I rarely use the term awesome as it's over used; I mean the statute of David in Florence and the art in the Vatican are awesome, Niagara Falls is awesome and going over it in a helicopter is fantastic. Watching a space shuttle lift - off with the ground vibrating under your feet is awesome, to have met John Denver and Pope John Paul 2 was awesome. This place is solidly wonderful. It's about £11 to visit the house and gardens and about £8 to tour the gardens. You could spend all day in the house and still see only a small bit of if. Most rooms have a member of staff there to give fascinating information and point out things you simply won't know. The gardens too will take most of your day and exhaust you - the original house and moat were built around 1603, then some more work was done in the 1820's and finally around 1908. As this original owners never threw anything out there's lots of Tudor furniture on view and some Edwardian furnishings too. It really is something to see life as it was lived over 400 years ago if you were rich and influential. There must be hundreds maybe thousands of paintings around the house and the library has over two and a half thousand books. The grounds go for miles too. Lots of fallow deer roam the grounds and the gardens are special. Finally a word about the restaurant - pricy enough but the food is ace quality; sandwiches over filled like plump door stops; the pea & ham soup and the spicy parsnip soup were superb at £5:50 a piece with an excellent bread roll and butter - there was a great selection of savoury pies too around £8/9. Desserts too were filling - had a pie that was bread and butter based with lots of Christmas type fruits in it, topped with birds custard - like the house Bird's custard too is a national institution, so be prepared to pay through the nose but you'll get great food.

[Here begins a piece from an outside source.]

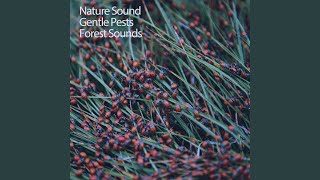 Early Morning Crickets screenshot 2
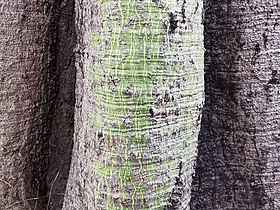 Bark textures, buttress roots and trunk base. Ceiba pentandra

Cannot agree more with all the comments below. I have been a Member of the National Trust for a very long time, and live locally, so this is a nice trip out on a lovely sunny day. Have to say though, how did I miss the Farm Shop?
Tearoom a favourite haunt, and plenty of walks but my favourite is the garden in early Summer. One year it was so hot you could have mistaken that you were abroad and what a fantastic photo opportunity.

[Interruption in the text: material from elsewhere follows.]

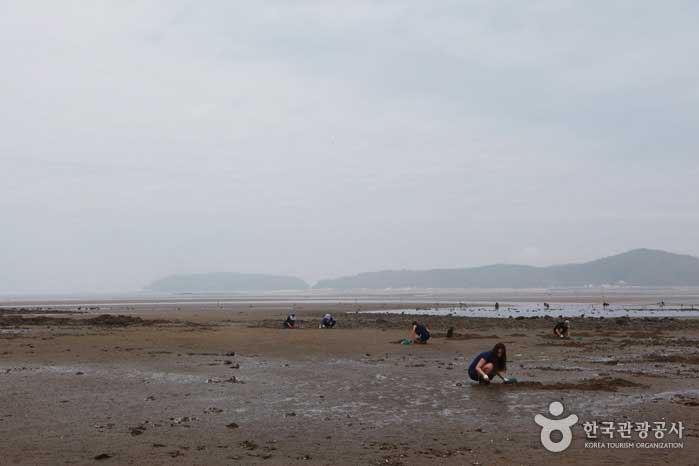 Посетители собирают моллюсков с Sunshin-ri Tidal Flat - Seocheon-gun, Чунгнам, Корея (https://codecorea.github.io)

Historically speaking it was the home of the Greys, family of the fated Tudor Queen. Near the dining room you will see the genealogy that sparked the tragedy. There is a lovely inner courtyard with fountain, great place to stay cool and just a lovely old house and deer park
We wanted a walk in the area where we could take our dog and son on his bike. Dunham Massey was perfect.
The weather was miserable the day we went but it didn't spoil the magnificent architecture of Dunham Massey, nor the views of the surrounding countryside.

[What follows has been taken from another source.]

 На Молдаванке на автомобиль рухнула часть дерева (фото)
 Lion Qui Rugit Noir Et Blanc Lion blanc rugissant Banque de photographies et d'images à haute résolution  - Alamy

The park was perfect for my 2 year old to get used to his new bike too - lots of wide paths so that other visitors were able to avoid being run over. With this in mind, it would be perfect for wheelchair users too.
My only constructive criticism would be that some dog hooks close to the toilets and cafe area would be useful - although this may be an intentional oversight on their part to prevent the inevitable barking that starts when pet dogs get lonely!
A great place for a day out. We took our kids (then aged 4 and 2) last summer, and whilst we didn't go into the house itself they still had a good time walking round the grounds deer-spotting. They enjoyed the ride from the car park up to the house (there's a free shuttle between the too) as well. As ever with National Trust properties, it was well sign-posted and the staff were very helpful. I'm not sure I would have wanted to be there on a wet or cold day with young kids, but all in all there was quite a bit of exploring to do and it was certainly a very pleasant place to be.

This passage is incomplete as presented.